Exercise aim
Starting with the line where "Pijama Mayra - comprar online" appears, print every line through the end of the entries below exactly as it stands, and leave out the pictures.

Available data
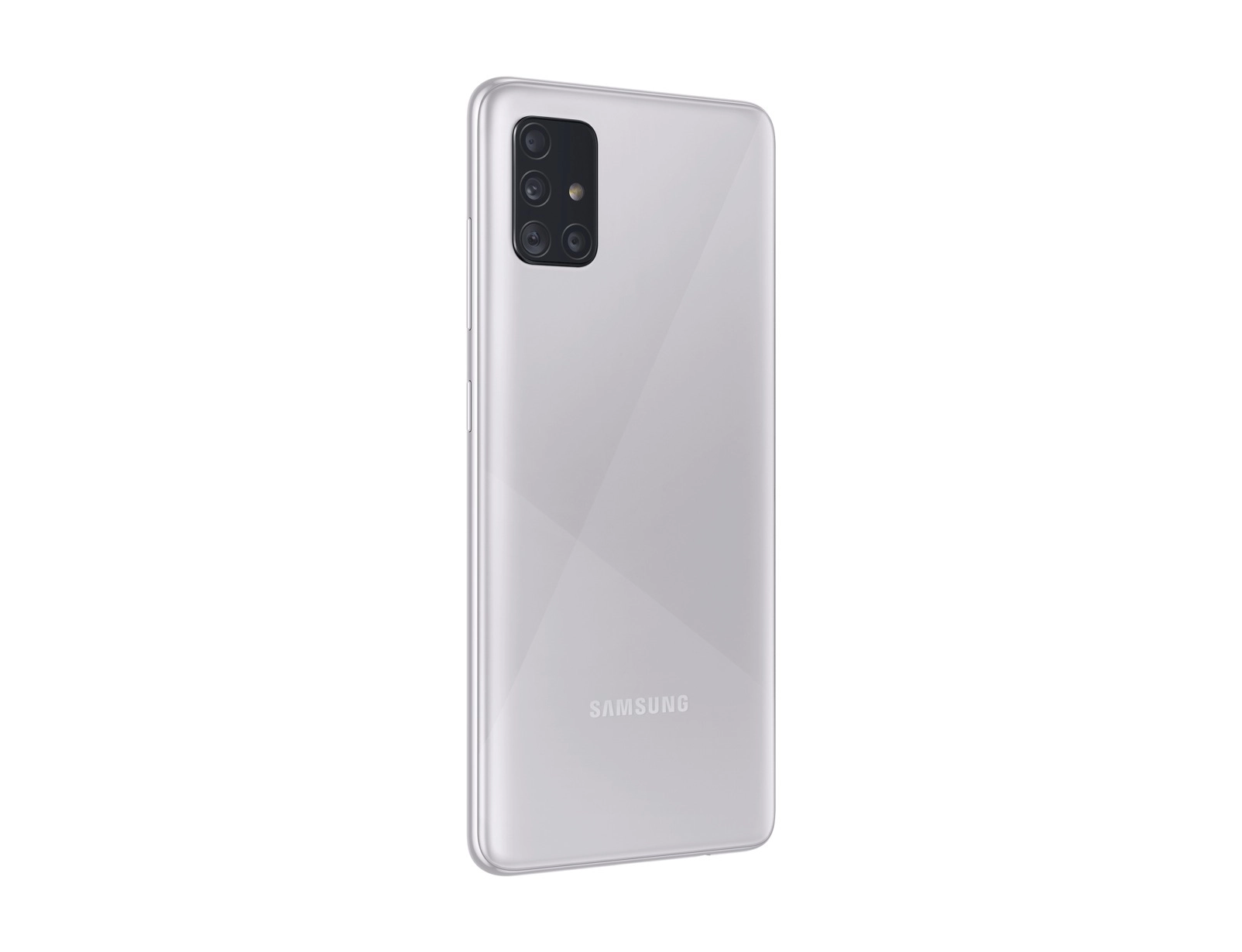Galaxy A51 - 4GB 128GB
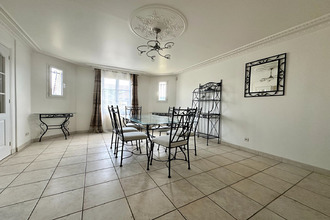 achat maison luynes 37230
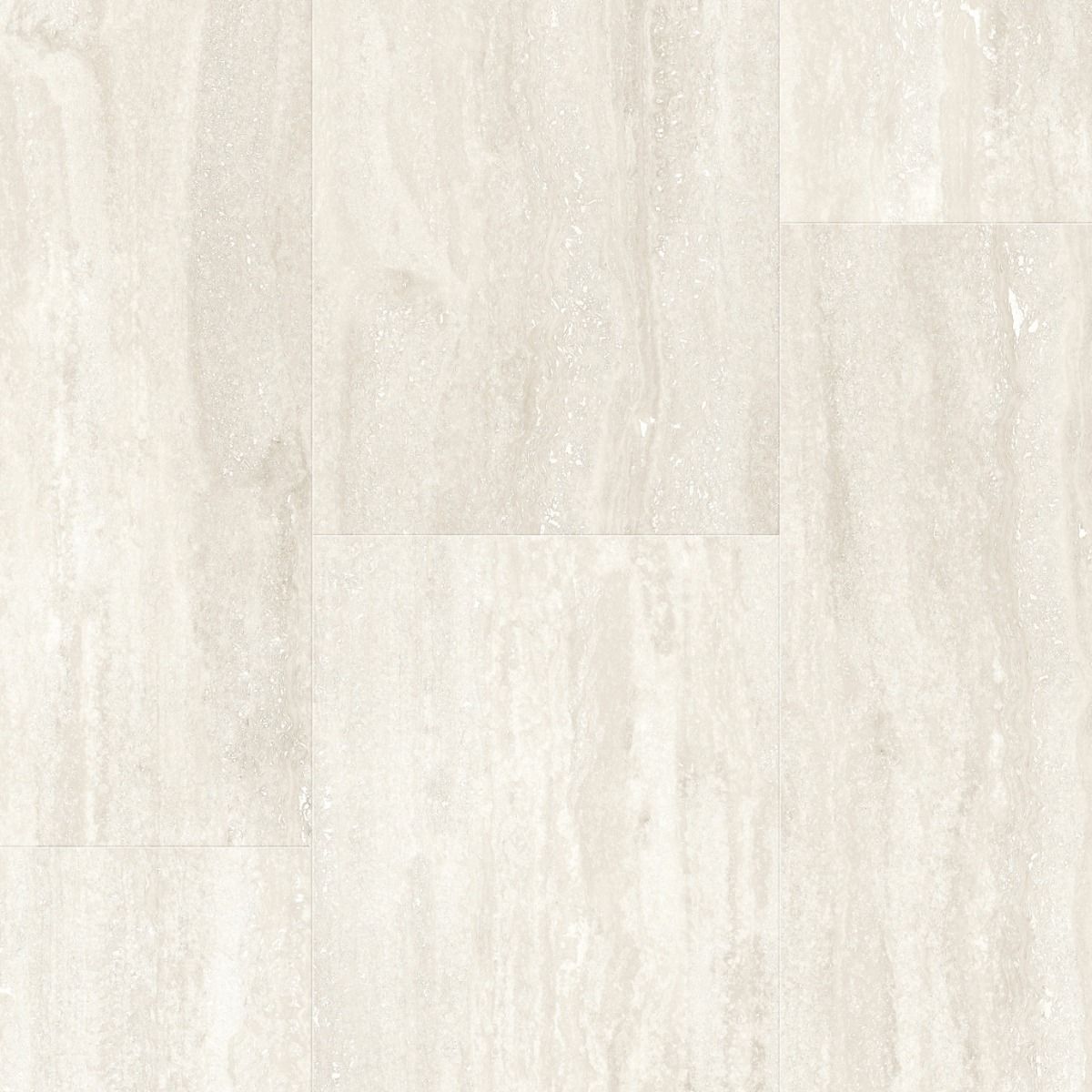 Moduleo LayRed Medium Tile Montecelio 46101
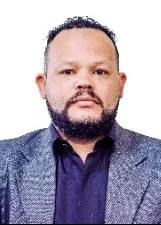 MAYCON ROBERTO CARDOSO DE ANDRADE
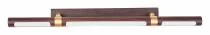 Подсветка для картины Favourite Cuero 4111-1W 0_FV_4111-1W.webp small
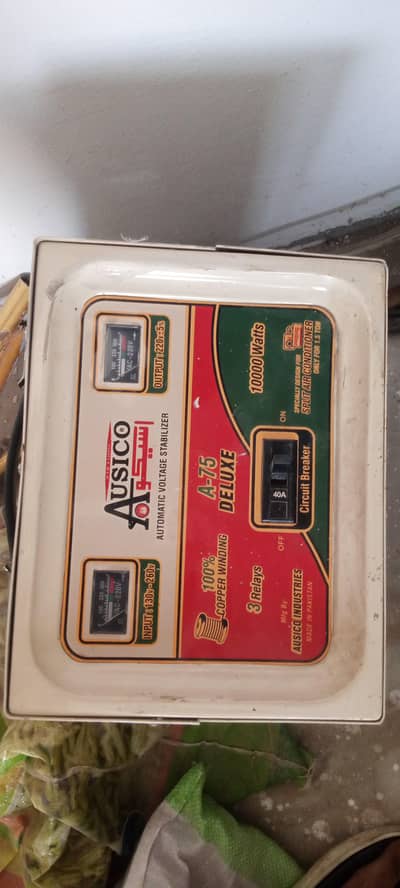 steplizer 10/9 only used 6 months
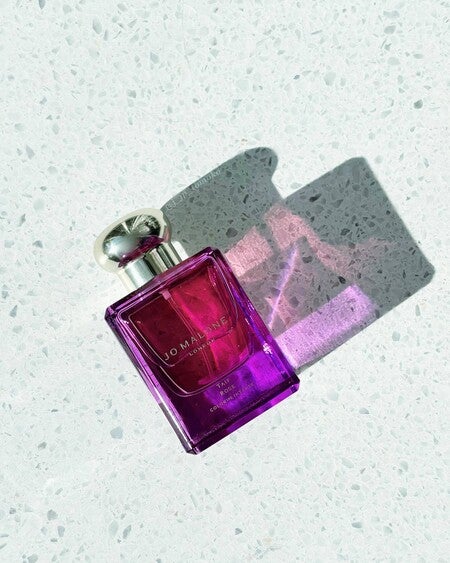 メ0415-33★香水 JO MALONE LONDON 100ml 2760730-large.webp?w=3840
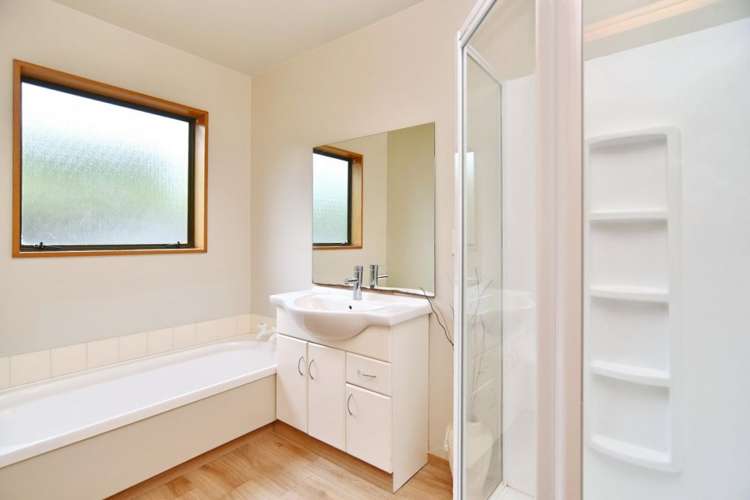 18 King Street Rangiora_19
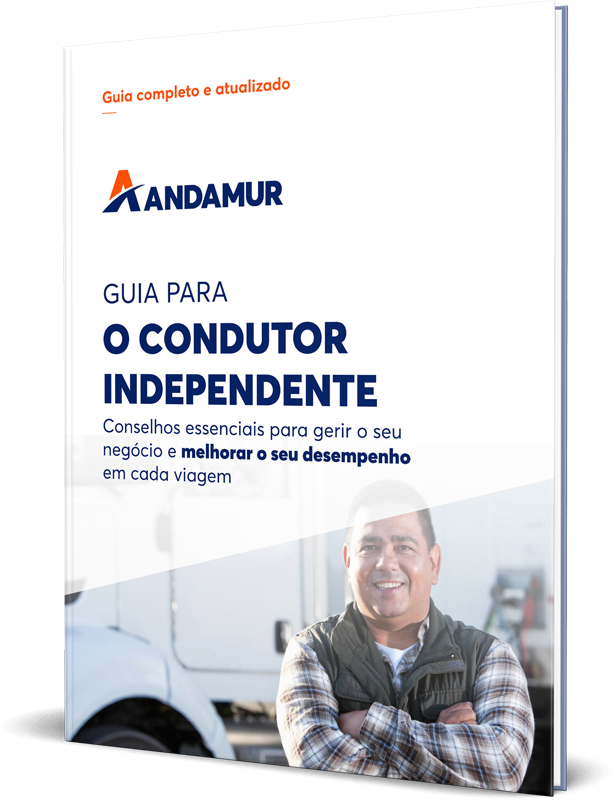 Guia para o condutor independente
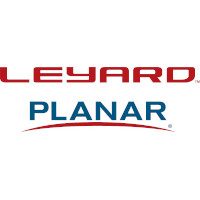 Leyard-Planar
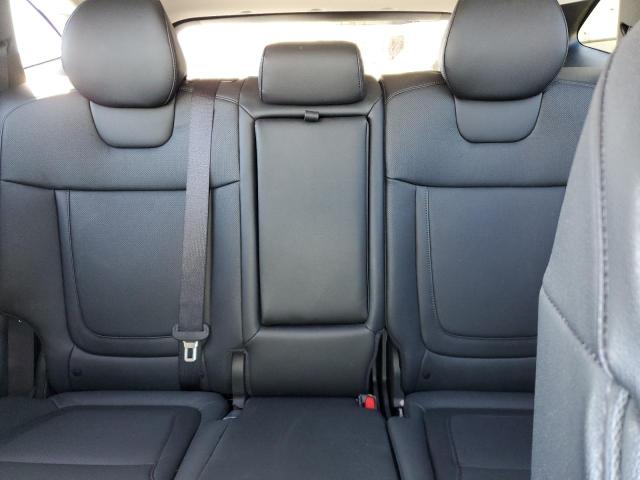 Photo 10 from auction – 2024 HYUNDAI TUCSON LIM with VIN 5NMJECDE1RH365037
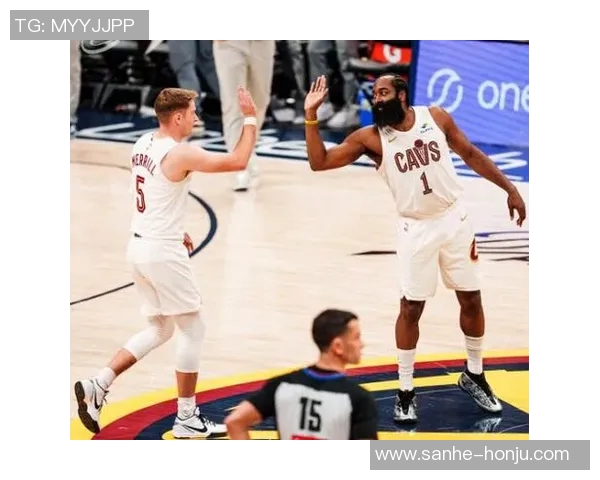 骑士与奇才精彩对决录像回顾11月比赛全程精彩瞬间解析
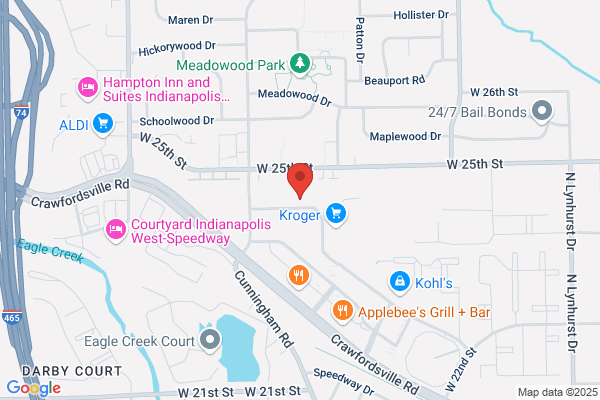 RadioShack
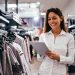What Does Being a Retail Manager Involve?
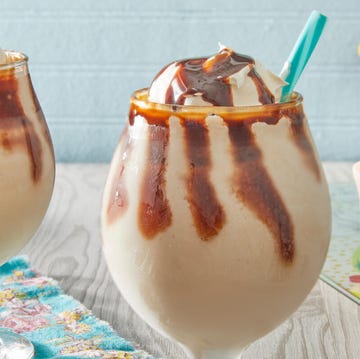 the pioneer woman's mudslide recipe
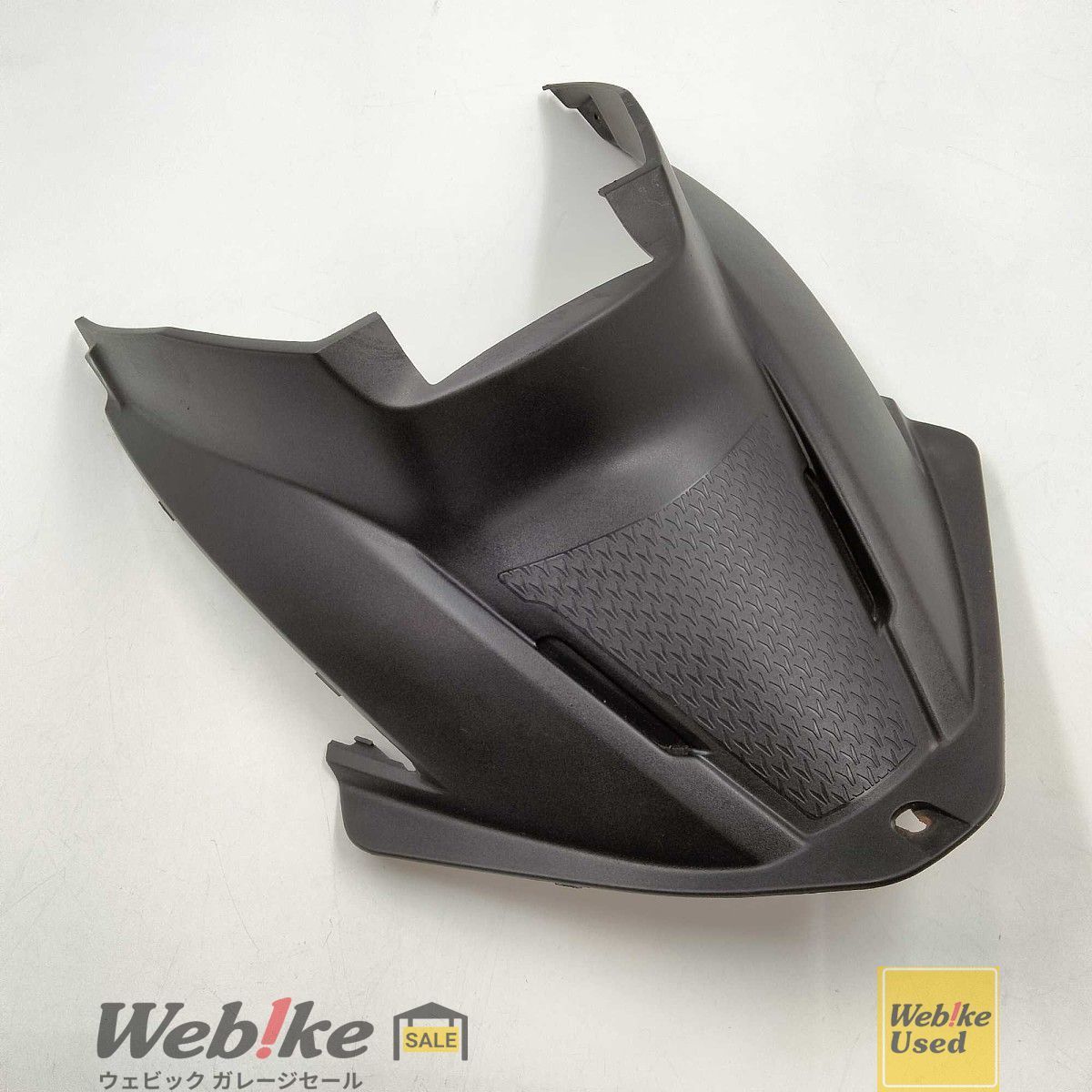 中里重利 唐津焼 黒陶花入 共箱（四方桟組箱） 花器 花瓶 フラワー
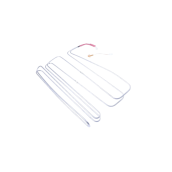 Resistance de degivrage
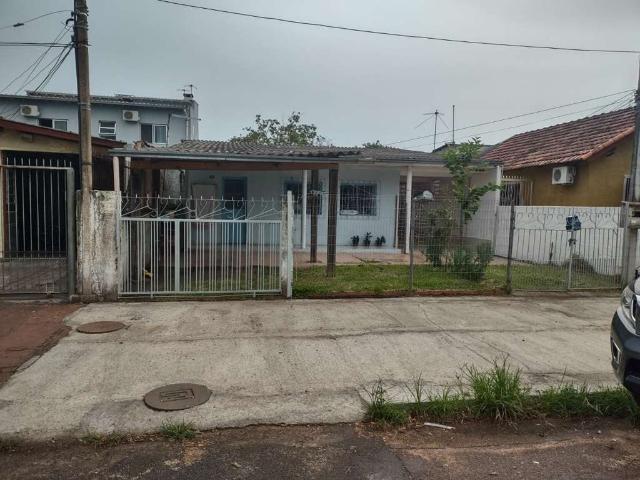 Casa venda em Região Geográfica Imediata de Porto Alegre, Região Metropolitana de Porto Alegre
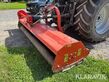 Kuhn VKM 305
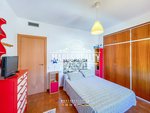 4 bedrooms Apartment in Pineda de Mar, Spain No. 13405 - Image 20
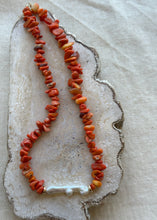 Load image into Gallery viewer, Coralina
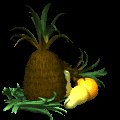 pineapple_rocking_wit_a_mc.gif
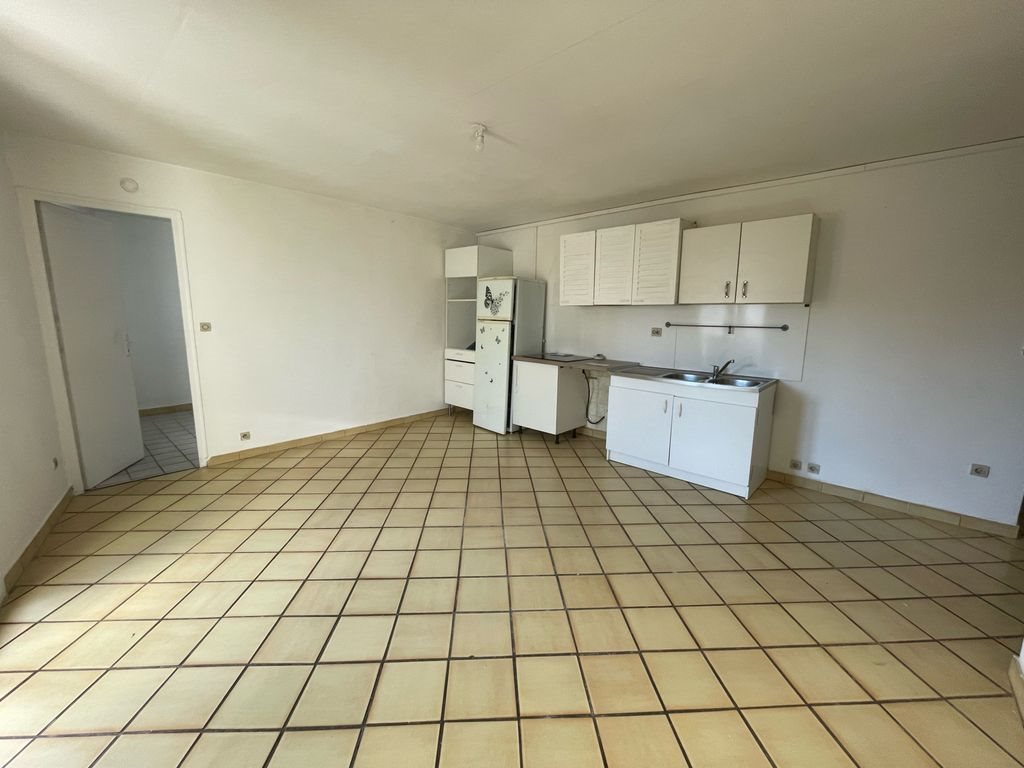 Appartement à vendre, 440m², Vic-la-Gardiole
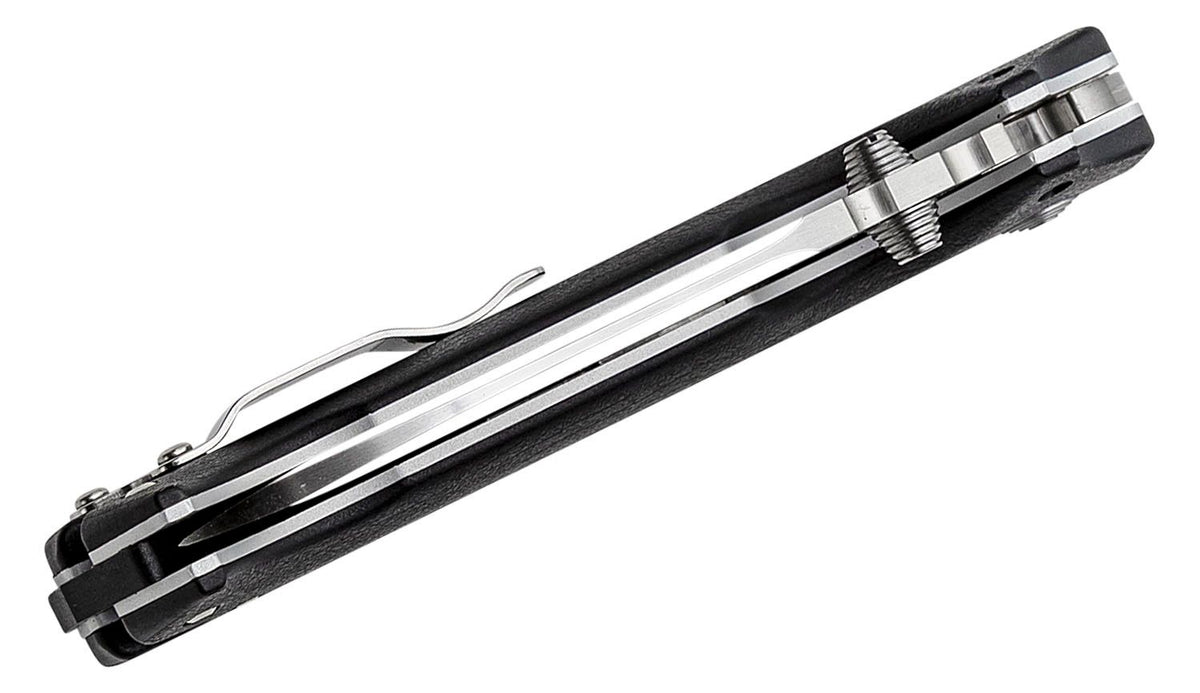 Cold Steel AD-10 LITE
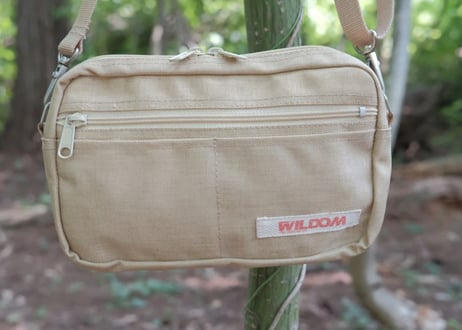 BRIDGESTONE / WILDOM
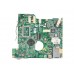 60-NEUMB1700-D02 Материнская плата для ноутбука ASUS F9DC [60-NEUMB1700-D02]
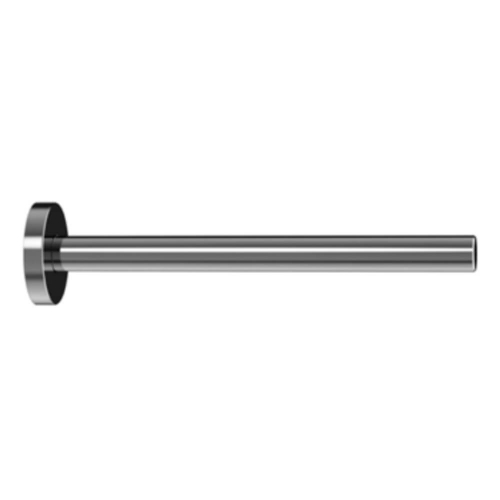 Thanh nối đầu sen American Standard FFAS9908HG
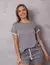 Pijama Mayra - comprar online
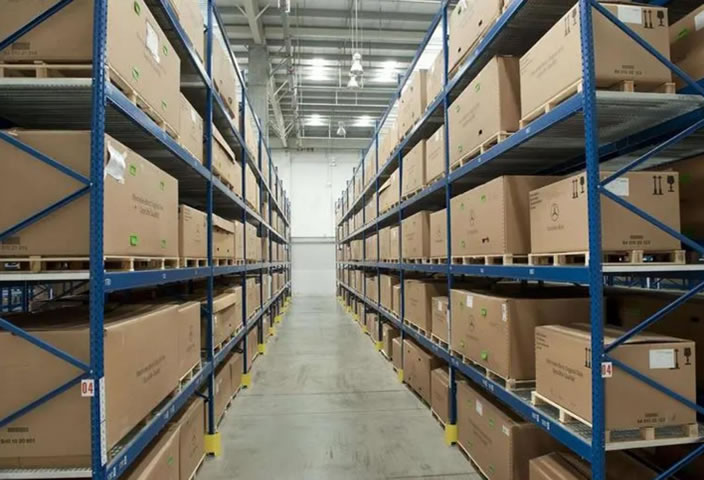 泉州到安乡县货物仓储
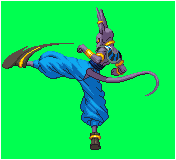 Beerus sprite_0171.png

Expected output
 Pijama Mayra - comprar online
 泉州到安乡县货物仓储
 Beerus sprite_0171.png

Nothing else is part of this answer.